Finally, a penitentiary should be safe for employees and for inmates. We don’t want to breed gangs and rapists. In principle, only those with death sentences should be killed in prison.

One intention of punishment is to raise the cost of breaking the law. The lower the cost, the more illegal activity we’ll likely see. There are several ways to increase this cost, but generally speaking the more rapid, certain, and severe the punishment for a crime (is perceived to be), the lower the rate at which such crimes occur.

Researchers David Boyum and Mark Kleiman argue that “certainty ... is more important than severity.... Long-term and probabilistic threats, even if the penalties involved are severe, may be less effective than short-term and virtually certain threats of much less drastic sanctions.”

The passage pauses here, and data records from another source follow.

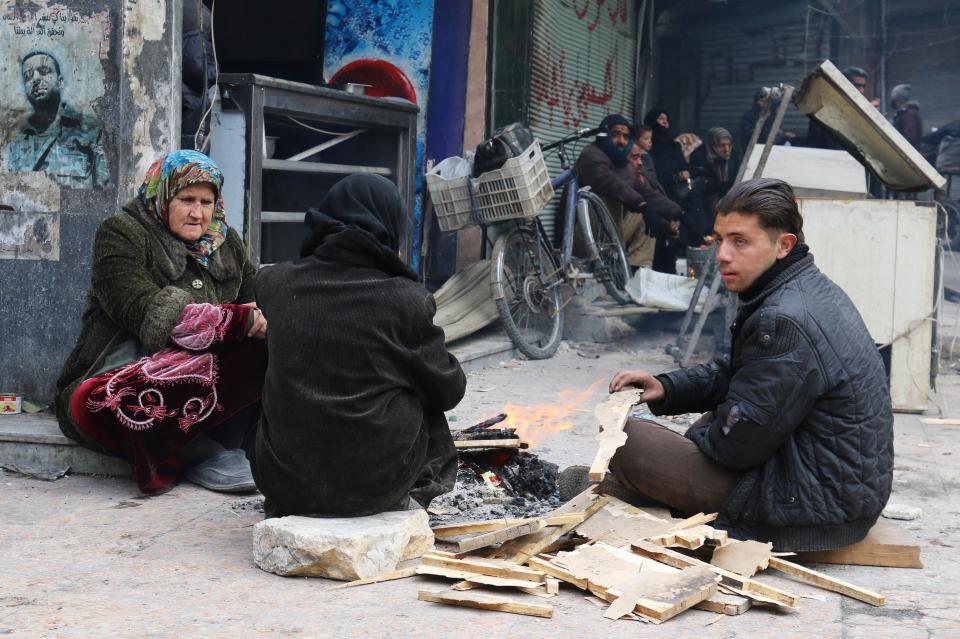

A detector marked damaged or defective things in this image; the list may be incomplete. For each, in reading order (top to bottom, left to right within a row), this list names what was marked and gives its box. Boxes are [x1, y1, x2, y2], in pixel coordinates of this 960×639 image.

wall with peeling paint [0, 0, 179, 400]
broken wood scrap [584, 390, 644, 480]
broken wood scrap [326, 568, 416, 592]
broken wood scrap [418, 592, 556, 616]
broken wood scrap [632, 540, 800, 608]
broken wood scrap [712, 544, 772, 576]
broken wood scrap [764, 556, 884, 608]
broken wood scrap [788, 520, 924, 568] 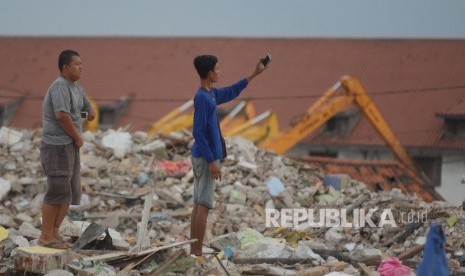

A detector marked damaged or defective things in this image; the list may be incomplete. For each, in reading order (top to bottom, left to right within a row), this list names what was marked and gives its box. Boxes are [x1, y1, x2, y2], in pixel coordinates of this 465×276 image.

The Department of Justice reports the percent of offenses “cleared by arrest”; that is, the offender was arrested, charged, and turned over to the courts for prosecution. In 2003, law enforcement agencies cleared 46.5 percent of violent crimes and only 16.4 percent of property crimes. These are the crimes that were reported, perhaps half of all those committed. Once a criminal gets to court, many get off on technicalities; for those who don’t, most plea bargain to reduce their sentences.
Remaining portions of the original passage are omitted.